When I say that last night felt like the successful culmination of a journey that was both memorable and perilous, that should probably make some roll their eyes. It had only been since 2000 when the Yankees last won the World Series and they have had plenty of great moments and triumphs since then. Fans in Pittsburgh, Kansas City, and many other cities have little sympathy, I’m sure. But it’s always more painful to lose when you’re so close to winning. Ever since the ball got a little too slick thanks to an unexpected shower in the Arizona desert back in 2001, and Rivera threw away a double play ball, the Yankees have been very close to winning it all. Every team the Yankees have fielded since then had a legitimate shot at the World Series. I think you could very easily argue that the Yankees had the best team in the league 2002-2004 and in 2006.
I’ve learned a lot about baseball since 2000. Back then, I just expected the Yankees to win in the postseason because that’s what the best team did. Little did I know I was actually watching probably the weakest Yankee team I’ve ever actively followed (which would date back to 1994) just happen to get hot at the right time. Turns out it’s tough to be the best team in the regular season and then win the World Series. The 1998 Yankees made it look so easy.
There’s no doubt the 2009 Yankees are a special team for just that reason. They were the best team during the regular season. They kept it going in the postseason. Their games were always exciting. They bounced back – whether from a bad inning or a bad loss. None of that changed this postseason. They followed every loss with a win and rallied back in every game they were down – even if a few of those rallies fell short. With the possible exception of Game 1 of the World Series, every game kept me on the edge of my seat right until the last out. Baseball is entertainment, and what greater entertainment could I ask for?
If you look through my posts from this season, both here and at my old site, I certainly did my fair share of complaining while watching a 103 win team win a championship.
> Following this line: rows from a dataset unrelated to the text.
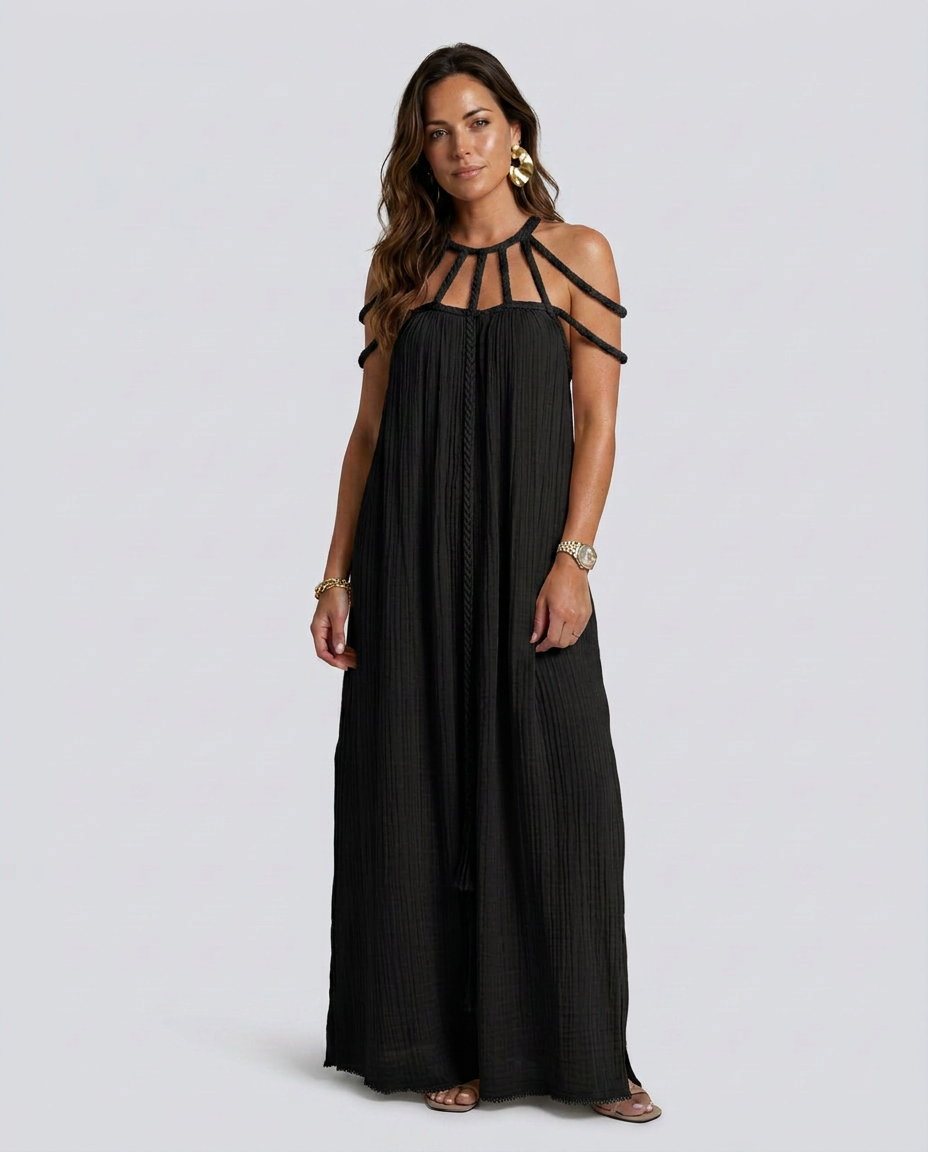Celeste | Pleated Maxi Dress with Cut-Out Neckline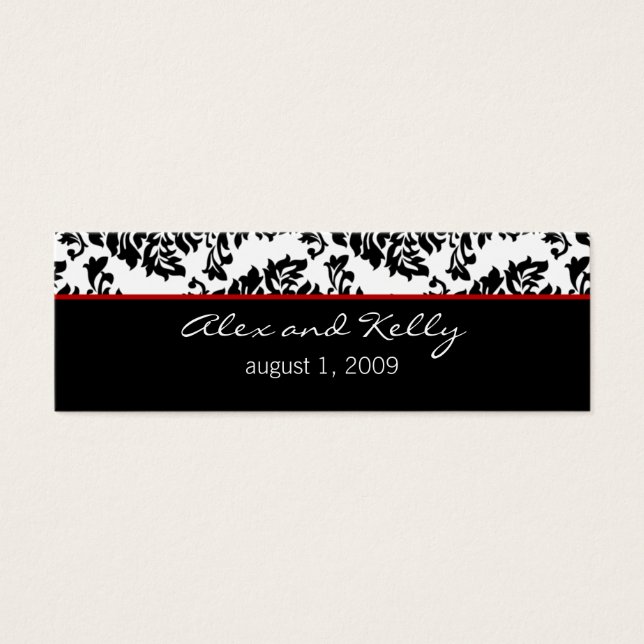 Baroque Damask Wedding Website Business Card (Vorderseite)
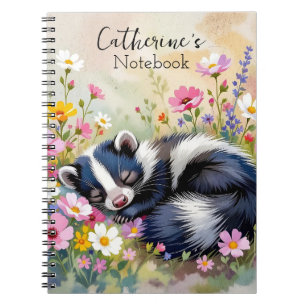 An Adorable Skunk Napping in Flowers Personalised Notebook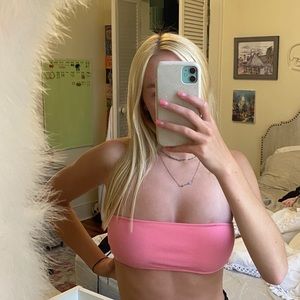 ZAFUL pink bandeau bikini top💓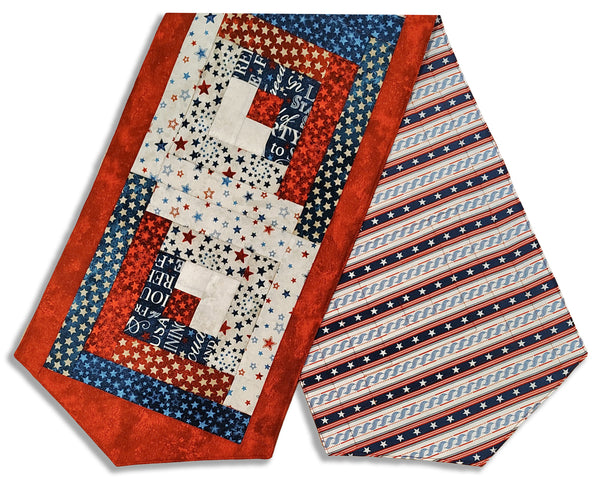 Fully FINISHED Log Cabin Table Runner - Northcott - Stars and Stripes 12 - # 3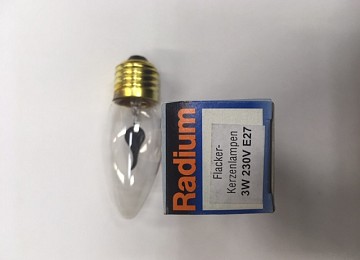 Radium E27 3W/ 230V lepattava kynttilälamppu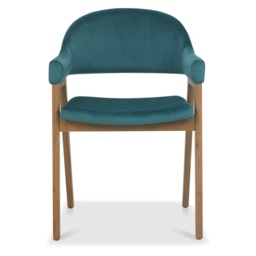 Brandon Rustic Oak Upholstered Arm Chair Pair - Azure Velvet - thumbnail 3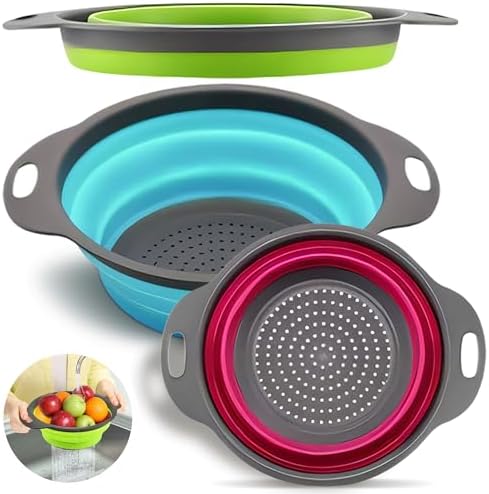 ES Silicone Collapsible Colander - Small for Camping Kitchen Use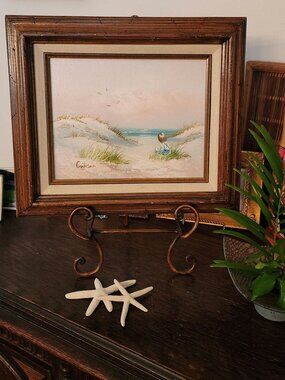 Vintage 70's Framed Coastal Art, Child on Dunes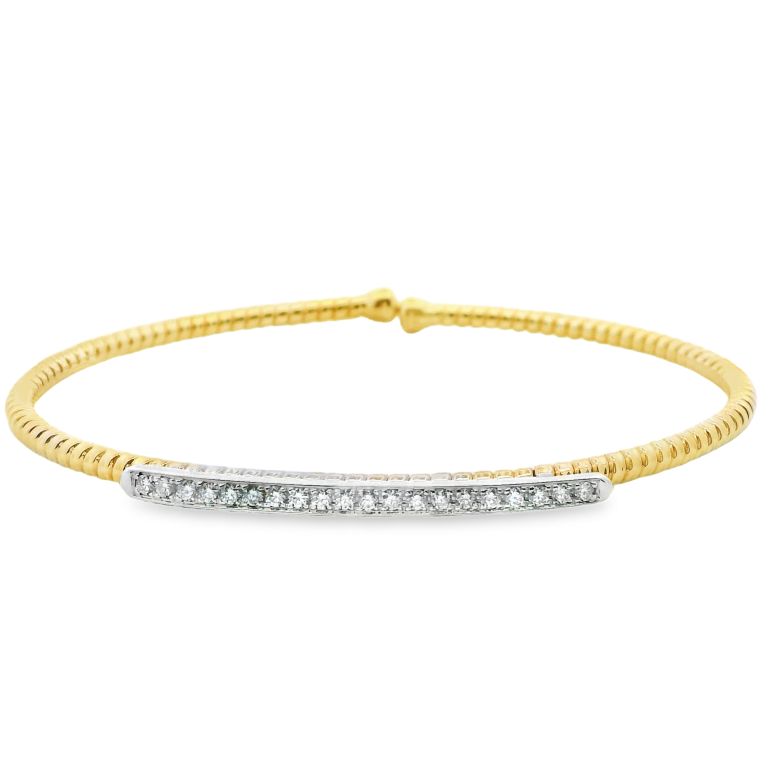 18K Yellow and White Gold Diamond Stretch Cuff Bracelet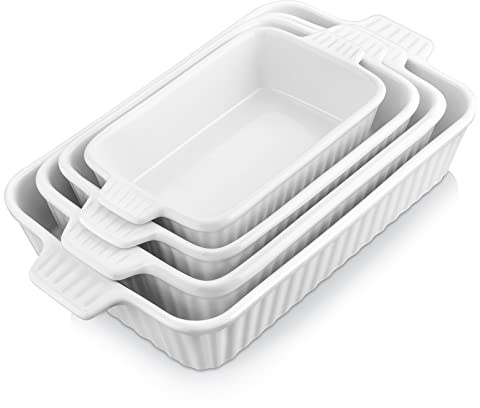 MALACASA Auflaufform, 4-teilig Set Groß & Klein Stapelbar Backformen (37, 30, 28, 24 cm) | Rechteckig Ofenfest Baking Dish aus Keramik für Lasagne, Braten, Tiramisu & Aufläufe, Weiß, Serie Bake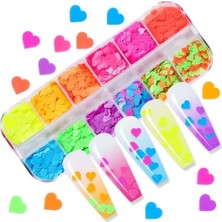 Meks Neon Renkli Kalpler Tırnak Süsleme Folyo Pulları Mix Nail Art
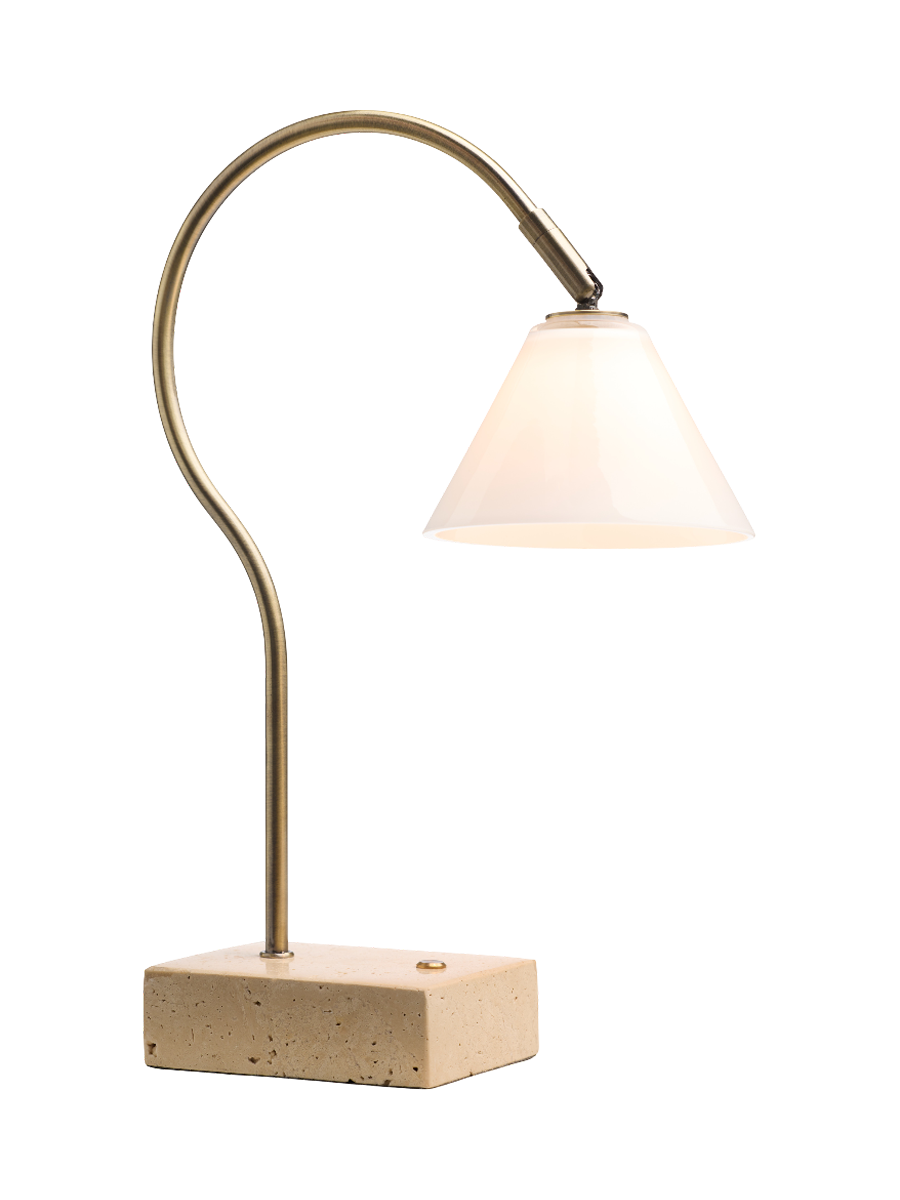 
Lampada da tavolo di design a LED "Question" - Ottone Antico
But one thing that I’ve always felt has been unfair about how Yankee fans treat their teams is that we often don’t remember a lot of the great moments we’ve had in those “dark years” of playoff misfortune. I still remember in early 2002 reminiscing about the Yankees crazy back-to-back 9th inning comebacks and the response I received from a highly critical Yankee-hater was: “Well, none of that matters because they lost the World Series.”
But that’s absolutely incorrect. It all matters. Jason Giambi’s walkoff grand slam in 2002. Aaron Boone’s homerun. Jeter’s diving catch in the stands. A-Rod carrying the Yankees past the Twins in 2004. Rivera flying back from personal tragedy with his family to save Game 1 of the 2004 ALCS. The rally to catch the Red Sox in 2005. The 5-game Fenway sweep of 2006. Watching Joba burst onto the scene and strikeout the heart of the Tiger’s order in 2007.
I could go on all day. The point is though, that baseball really is a journey and despite the Yankees mantra, it’s not always just about winning the World Series. I follow the Yankees all through the offseason. I follow their spring training games. I follow all 162 regular season games. Any one single game has the power to make me giddy or depressed. To paraphrase the common retort I’ve heard, most often from my girlfriend: “Aren’t there 161 other games?”
That’s true of course, but with baseball you have to experience the moment to appreciate the journey – and last night’s World Series victory was a moment that helps justify and explain all the other ones.
This World Series title is also gratifying because it feels like the fitting cap on what has been an emotional but ultimately enjoyable decade of Yankee baseball. The breaks haven’t always gone their way, but the Yankees have never lacked intrigue, and this season was the most entertaining yet. So congratulations to the Yankees and to all of my fellow fans. It’s been fun – and 2010 and the quest for 28 is right around the corner.